======== Dataset records

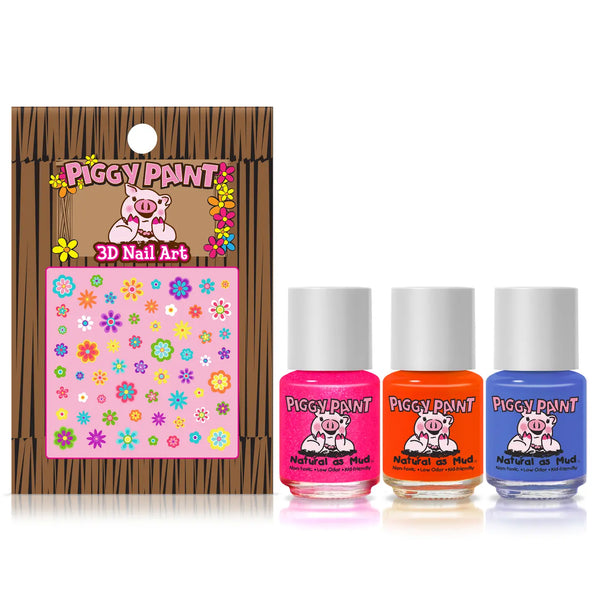 Piggy Paint Gift Set - Color Splash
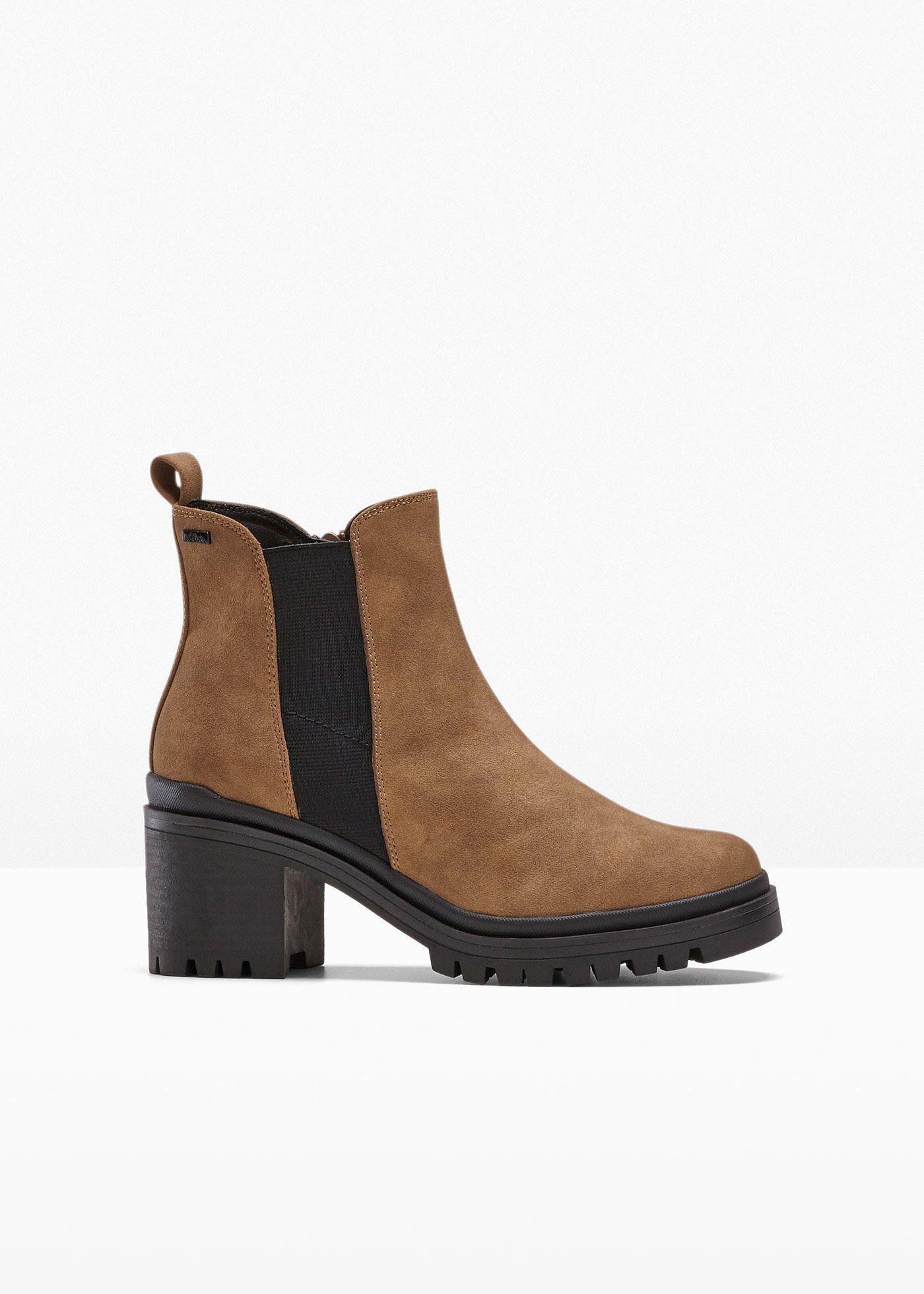 Bottines Chelsea s.Oliver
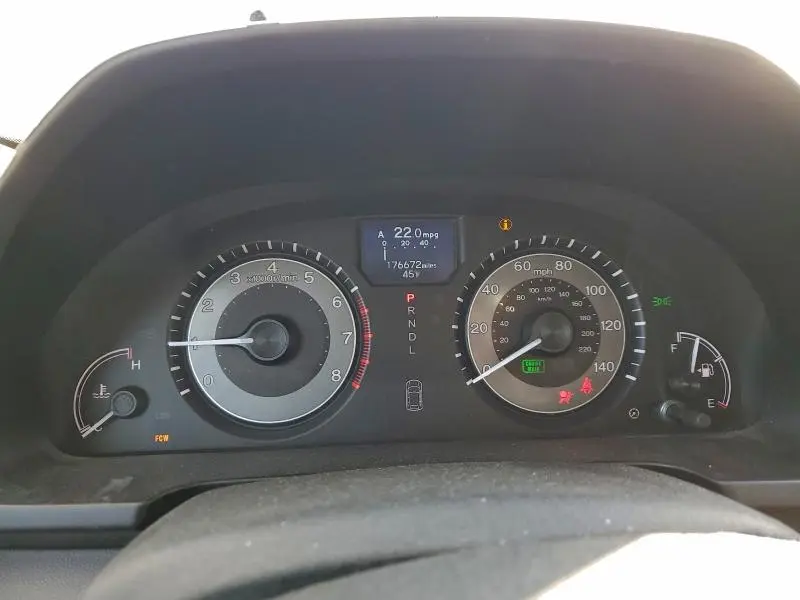 2014 HONDA ODYSSEY TOURING  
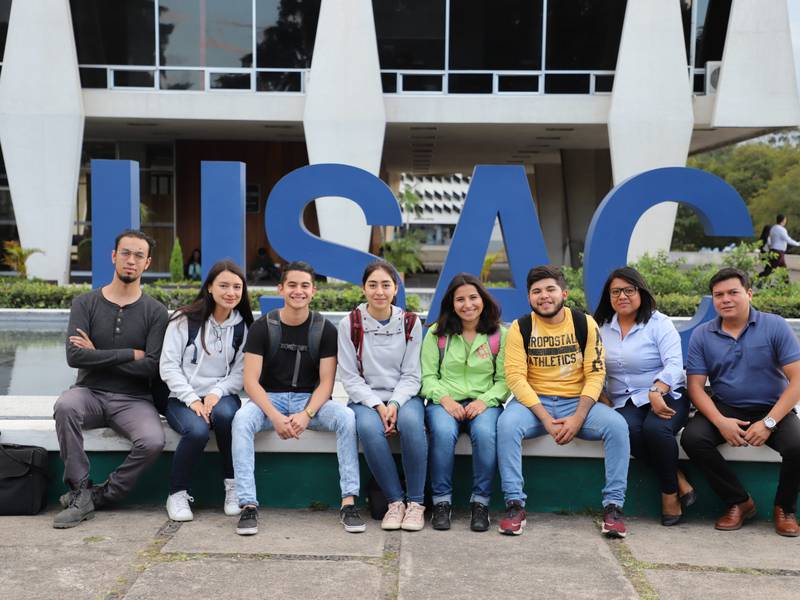 Universidad de San Carlos informa a la comunidad estudiantil sobre la suspensión de las clases para este día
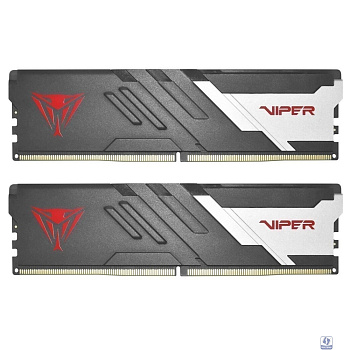 Patriot DDR5 DIMM 32Gb (16Gbx2) 6000Mhz, Viper Venom  (PVV532G600C30K) (retail)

================

> **Try it**:
All the records above must be retyped exactly, except for their pictures.

> **Written solution**:
 Piggy Paint Gift Set - Color Splash
 Bottines Chelsea s.Oliver
 2014 HONDA ODYSSEY TOURING  
 Universidad de San Carlos informa a la comunidad estudiantil sobre la suspensión de las clases para este día
 Patriot DDR5 DIMM 32Gb (16Gbx2) 6000Mhz, Viper Venom  (PVV532G600C30K) (retail)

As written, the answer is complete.